(Your task): In the entries below, find the line with "马上EOL了，但MySQL 8.0还有个大Bug没修！建议直接上8.4 LTS" and the line with "Professionelle Pedikürezange Pinx. - OX06"; reproduce those two lines and all lines between them exactly, without pictures.

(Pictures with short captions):
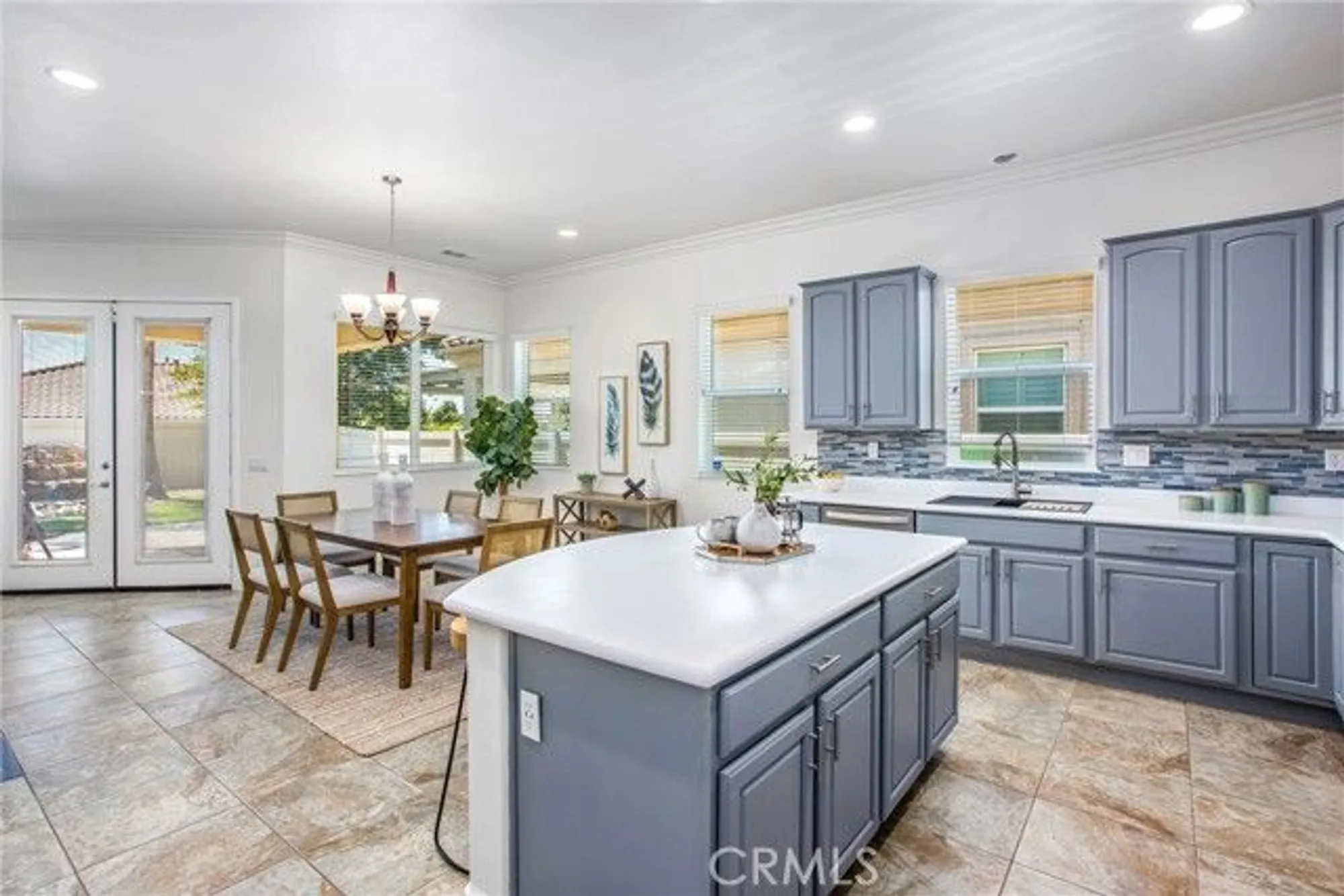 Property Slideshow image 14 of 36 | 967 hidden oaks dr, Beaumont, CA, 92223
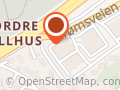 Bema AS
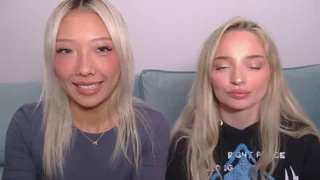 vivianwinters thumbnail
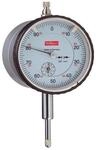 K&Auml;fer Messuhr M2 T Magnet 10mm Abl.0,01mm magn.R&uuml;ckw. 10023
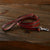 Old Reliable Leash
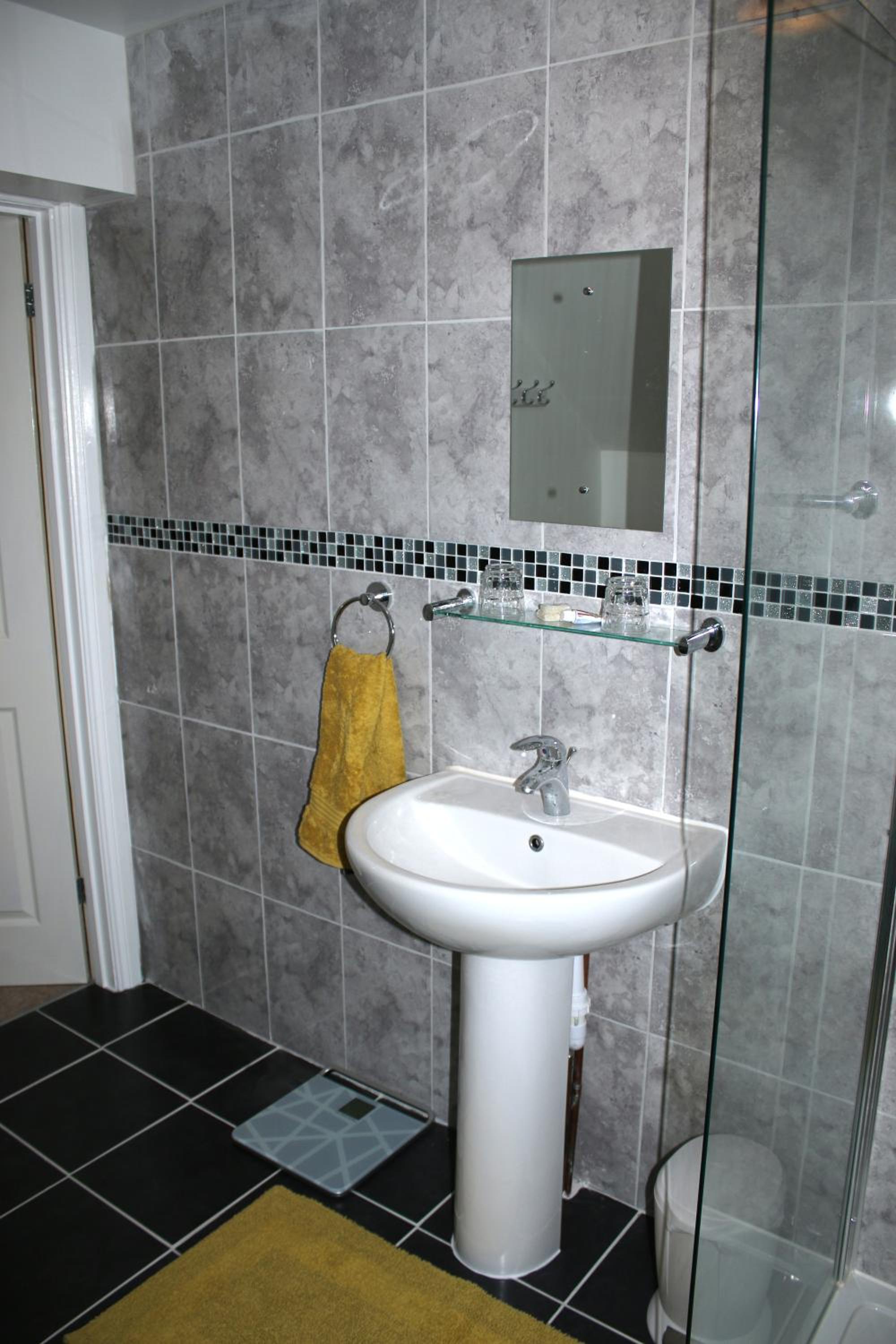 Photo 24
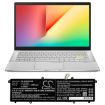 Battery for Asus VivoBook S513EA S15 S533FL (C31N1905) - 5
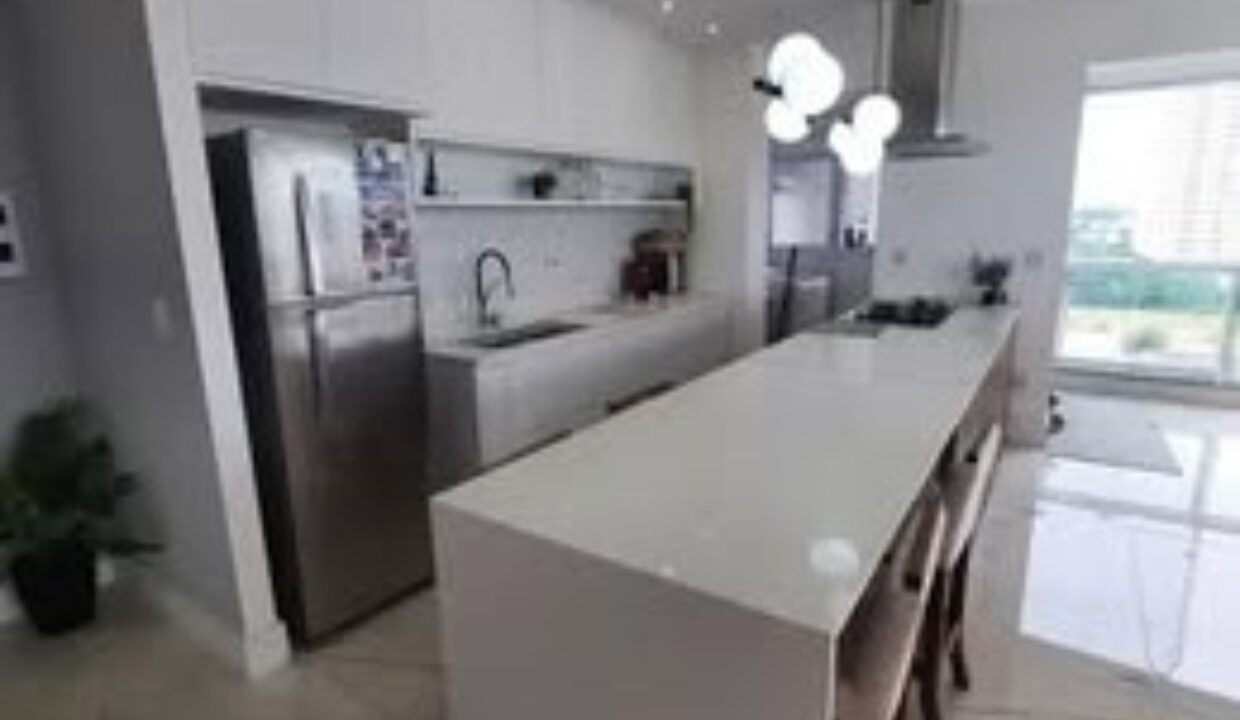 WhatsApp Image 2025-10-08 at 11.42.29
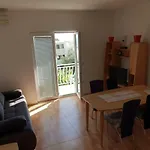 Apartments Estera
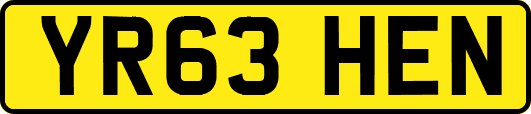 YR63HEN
==
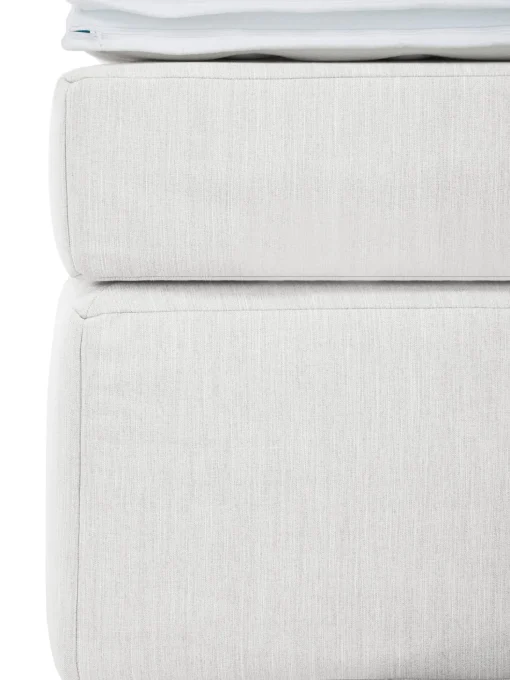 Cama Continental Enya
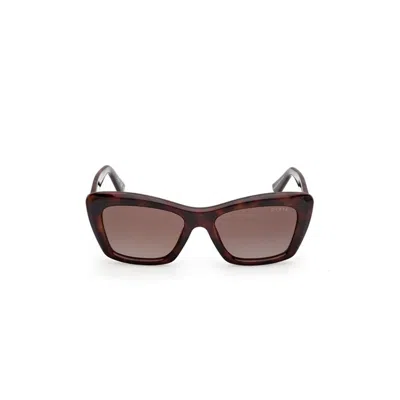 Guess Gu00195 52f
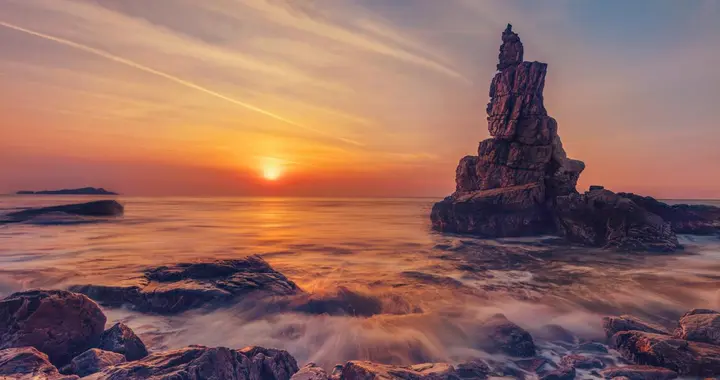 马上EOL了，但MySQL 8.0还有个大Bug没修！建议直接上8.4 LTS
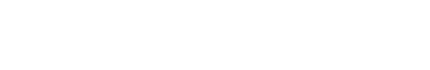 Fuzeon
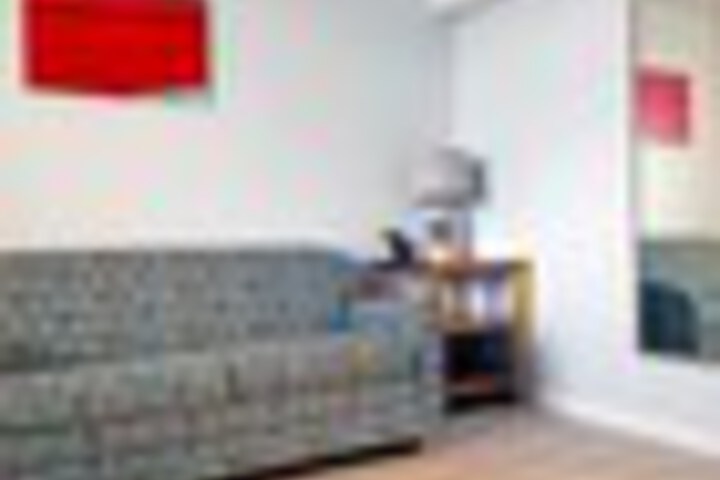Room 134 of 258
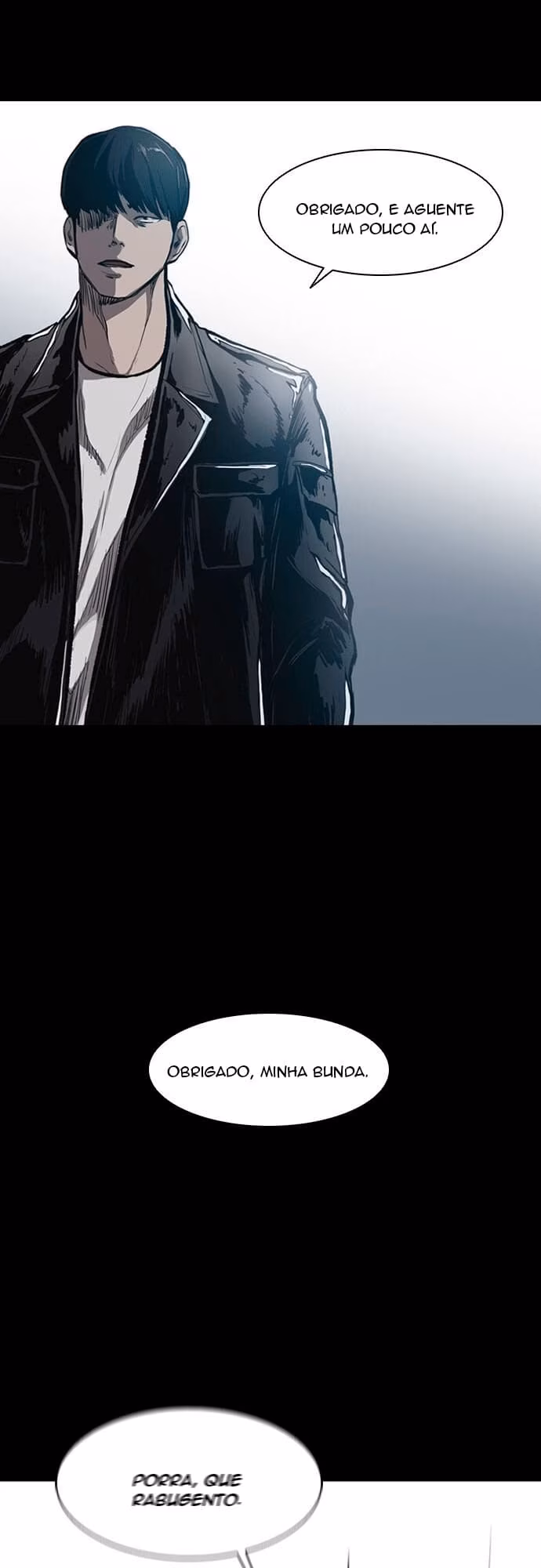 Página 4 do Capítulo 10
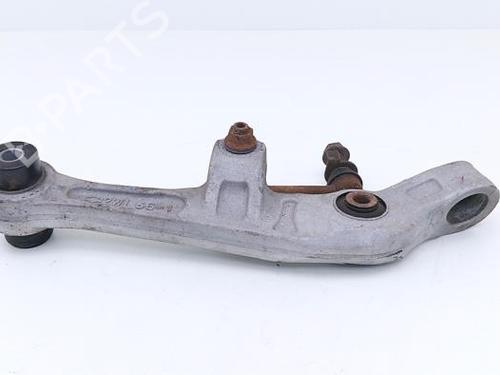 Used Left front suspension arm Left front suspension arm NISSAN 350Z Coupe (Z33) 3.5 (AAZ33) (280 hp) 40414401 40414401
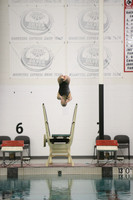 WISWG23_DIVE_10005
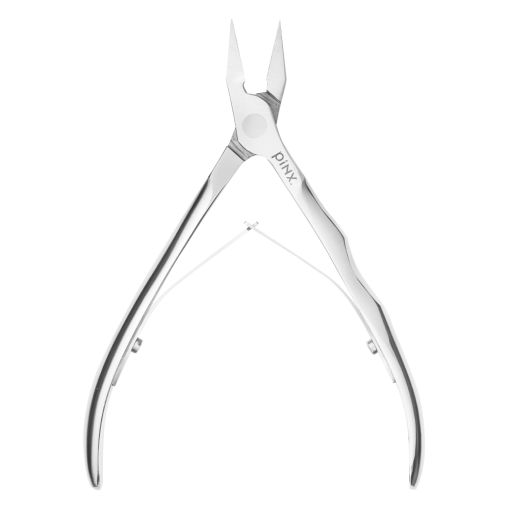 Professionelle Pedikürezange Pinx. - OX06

(Response to this exercise):
 马上EOL了，但MySQL 8.0还有个大Bug没修！建议直接上8.4 LTS
 Fuzeon
Room 134 of 258
 Página 4 do Capítulo 10
 Used Left front suspension arm Left front suspension arm NISSAN 350Z Coupe (Z33) 3.5 (AAZ33) (280 hp) 40414401 40414401
 WISWG23_DIVE_10005
 Professionelle Pedikürezange Pinx. - OX06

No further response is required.